Fair enough. The examples also suggest, more generally, that Foucault
has some interesting things to say, and that those interested in
social theory (etc.) ought to take his ideas seriously. I would be
the LAST person to deny that.
However, you haven't made it clear why you think that the ideas in
question "blow away the Marxist concept of the 'class struggle,'"

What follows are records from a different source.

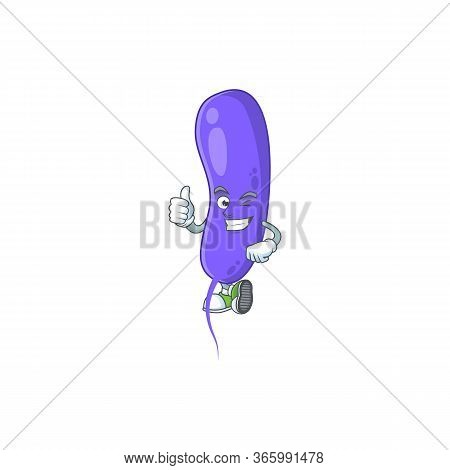 Caricature Picture Of Cholerae With Thumbs Up Finger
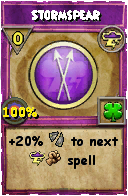 Wizard101 Storm spell card: Stormspear, Spell ID 11401
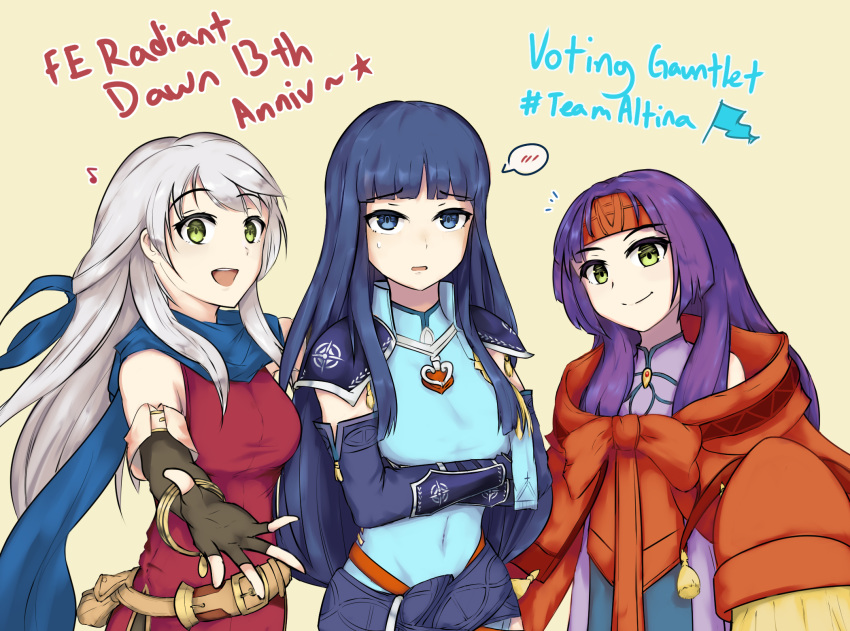 3girls, :d, altina, anniversary, arm_guards, bangle, belt, black_gloves, black_legwear, blue_eyes, blue_hair, blue_scarf, bracelet, copyright_name, covered_navel, dress, elbow_gloves, fire_emblem, fire_emblem:_radiant_dawn, fire_emblem_heroes, gloves, hair_ribbon, half_updo, headband, highres, hime_cut, jewelry, long_hair, long_sleeves, looking_at_viewer, micaiah_(fire_emblem), mini_flag, multiple_girls, musical_note, open_mouth, outstretched_arm, oversized_clothes, poiramee, purple_hair, red_headband, ribbon, sanaki_kirsch_altina, scarf, shoulder_armor, side_slit, silver_hair, simple_background, sleeveless, sleeveless_dress, smile, sweatdrop, turtleneck, wide_sleeves, yellow_eyes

which you even enclose in scare-quotes (perhaps suggesting that there
is no such thing).
First of all, do you really think that an account that tells people,
as you put it, how "they became pawns" is capable of replacing an
account of how it is that groups of people act collectively (as they
sometimes do) to radically transform political and economic
structures?
(By the way, I think Foucault's notion of power, which explicitly
entails that power cannot operate except in a context of antagonistic
interaction -- i.e., in the face of resistance --, specifically rules
out the idea that human beings can be made pawns, strictly speaking;
but either way, Foucault does not seem to offer a competing theory of
social-structural change, "a theory of social evolution," as Habermas
calls historical materialism).
Finally, I will ask a very specific question: do you think that any
conception OTHER THAN the Marxist conception of class struggle can
offer a credible accout of what was happening in France, from October
to December of 1995, when literally MILLIONS of French workers
participated in a strike wave, supported by millions more who joined
them in hundreds of mass demonstrations. This wave of POLITICAL
STRIKES, in which millions of workers attempted to use their potential
power to stop production as a means to enforce changes to a government
austerity plan, is readily intelligible in Marxist terms. If any
perspective hopes not only to supplement Marxism, but to "blow it
away," it would have to be capable of explaining the French strike
wave at least as well as Marxism can. Nothing in your post indicated
how Foucault's insights into the "individualising effects of power"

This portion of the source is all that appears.